The investigation in the UK into the collapse of Carillion Plc by a House of Commons select committee provides rare public access to the restructuring plan for a large company. Would the plan meet the requirements of Australia’s Safe Harbour regime?
The Collapse of Carillion
Carillion was a UK-headquartered construction company with worldwide operations employing 43,000 staff. It was placed into liquidation on 15 January 2018 following the UK government’s refusal to provide emergency funding,
With only £29 million in cash and creditors of more than £4.6 billion the position was so dire that – according to the select committee report – the company was forced into liquidation because it could not find a administrator prepared to take on the job in light of uncertainty about whether there was enough money to cover their costs.
Investigations into the conduct of the directors and auditors by the Insolvency Service, Financial Reporting Council, Financial Conduct Authority, and the Pensions Regulator are underway. In addition, the House of Commons Work and Pensions Committee launched an inquiry within a fortnight of the collapse.
As discussed here, the 16 May committee report (available here) is scathing in its criticism of directors, auditors, and regulators. The Inquiry has also made public a large number of documents which would not ordinarily be available – most notably including the 100 page turnaround plan.
Australia’s Safe Harbour regime
Australia’s severe insolvent trading laws make company directors personally liable for debts incurred when a company is insolvent.
By comparison the UK’s ‘wrongful trading’ regime imposes liability if directors ‘knew, or ought to have concluded that there was no reasonable prospect of avoiding insolvent liquidation’ and did not take ‘every step with a view to minimising the potential loss to the company’s creditors.’
The Australian Safe Harbour regime provides company directors with protection against insolvent trading claims but only if their conduct and actions, and the conduct of the company, meet minimum standards.
Would the Carillion plan meet the Australian Safe Harbour requirements?
The plan does articulate an appropriate objective that is clearly a better outcome than liquidation, and it does identify the use of a big 4 accounting firm as an appropriately qualified adviser.
However the plan is silent about any steps the directors had taken to conclude that they are properly informed about the financial position of the company, or that they proposed to take to stay informed.
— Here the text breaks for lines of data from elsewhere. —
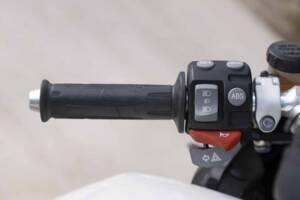 Image 43/47 of BMW HP2 Sport (2010)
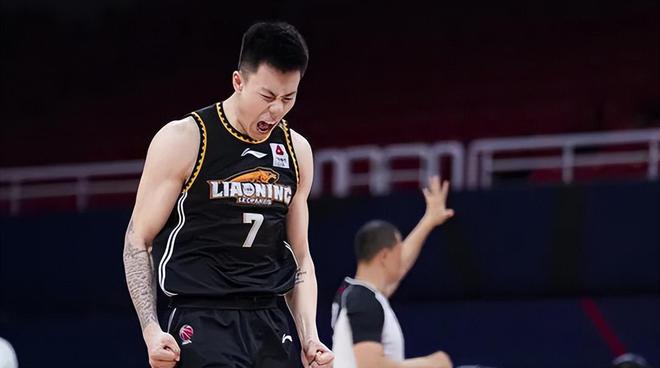 好消息，辽篮23岁冠军锋线即将驰援中国男篮。杜峰终于醒悟了(1)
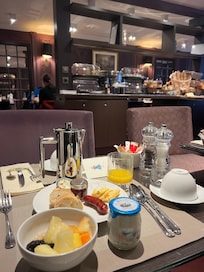 パンもフルーツもおいしかったです!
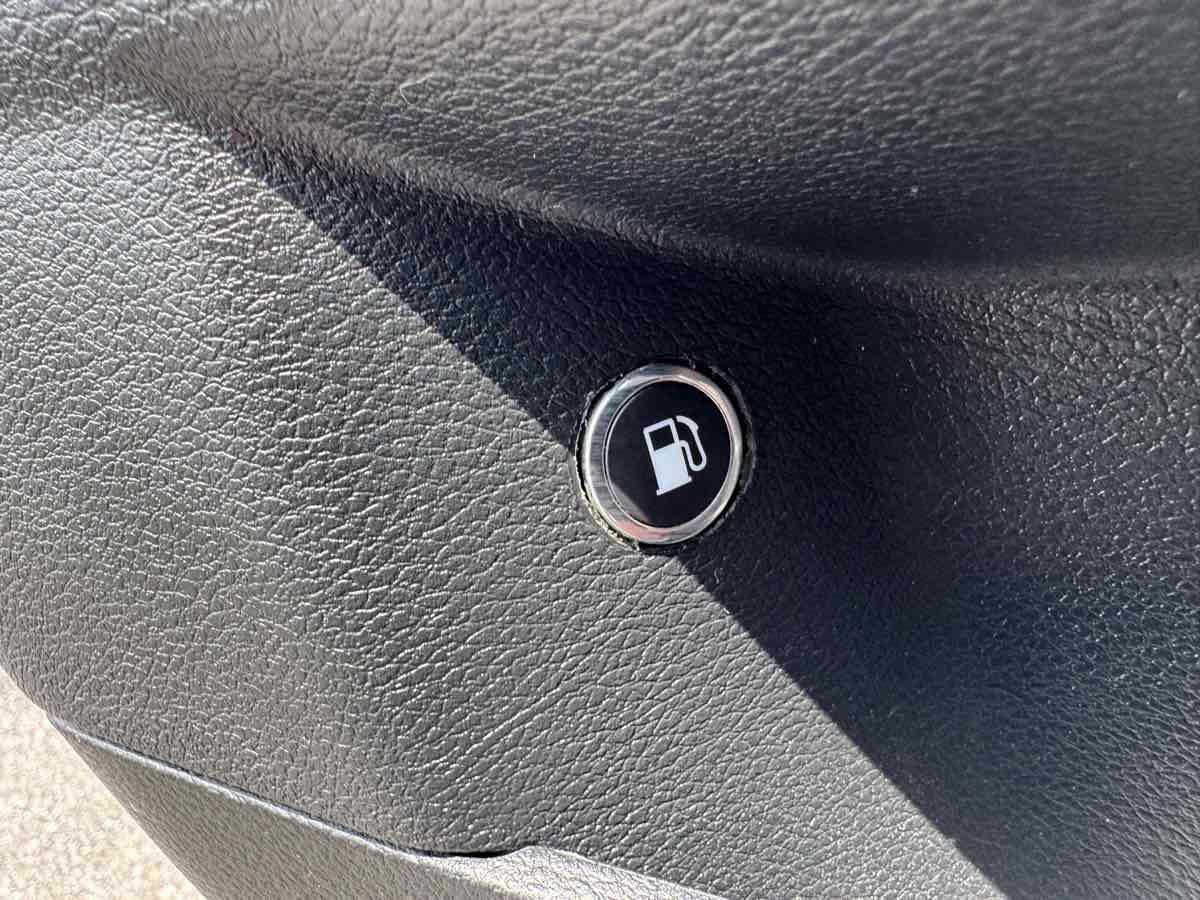 Used 2018 Dodge Charger SRT Hellcat w/ Harman/Kardon Audio Group RWD image 30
The document identifies a number of actions that have been taken, but it doesn’t really set out a future action plan, identify those responsible for each action, or set milestone dates.
Those omissions may not be fatal – perhaps there were other documents that provide appropriate detail. The biggest difficulty that the directors would have in meeting the Australian criteria is that the forecasts in the plan exclude employee pension contributions from the company budgets, and paying employee entitlements ‘as they fall due’ is a key requirement of the Australian regime.
Too little, too late
Of course the Carillion turnaround plan was never designed to meet the Australian requirements, so it’s not a huge surprise that it doesn’t. But nonetheless, that ‘failure’ highlights that it is essential for directors seeking to access safe harbour to ensure that they have a plan that is fit for that purpose.
In the case of Carillion, history shows that the plan was too little, too late: the company was in liquidation within a fortnight of the plan being finalised.